I did not often have such an emotional response to programming books like I had to this one. The steps that are explained are so simple, yet you instantly feel that they are in the direction of the light. This feeling of hope that you will be saved is very encouraging. After reading the last pages I actually felt happy that things had turned out so well for this ugly little legacy application. You could call this catharsis: reading this book allowed to wash away my negative feelings with regard to legacy applications and the way I failed to turn them into something better in the past.

No need for a framework

The first thing that I’ve taken from this book is: you don’t need all those fancy framework things to improve a legacy application. First, you have to reorganize the code in the application. Once you have decoupled things, introduced controllers, routing and dependency injection, it will be much easier to bring in some cool (framework) libraries. But before that, you will be fine using your own classes for those purposes. After all, in essence you don’t need as much as frameworks tend to offer. When you fix your own problems, you will also learn what routing, templating, controllers and a front controller are actually for, instead of blindly using them as they are provided by your framework vendor.
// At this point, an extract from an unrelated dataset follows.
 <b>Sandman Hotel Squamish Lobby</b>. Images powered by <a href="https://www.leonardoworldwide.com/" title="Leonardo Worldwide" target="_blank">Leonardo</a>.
Some small points of disagreement

Before I continue pointing out some things I would have done differently, please remember: this is a great book, and the things I’m going to mention now are really small issues, which are sometimes even a matter of personal taste and can thus be easily fixed, without being in conflict with the rest of the book.

To me it was a bit strange to see Request and Response objects being injected in controllers as constructor arguments. Request data should be seen as input arguments, response data should be considered return values of the constructor. So it does not make sense to provide them as constructor arguments, instead request data should be provided as an argument of the actual controller method (in this case __invoke()) and response data should simply be returned by the controller method. Creating a new Response object could optionally be left to a ResponseFactory object, which could be injected as a constructor argument of the controller.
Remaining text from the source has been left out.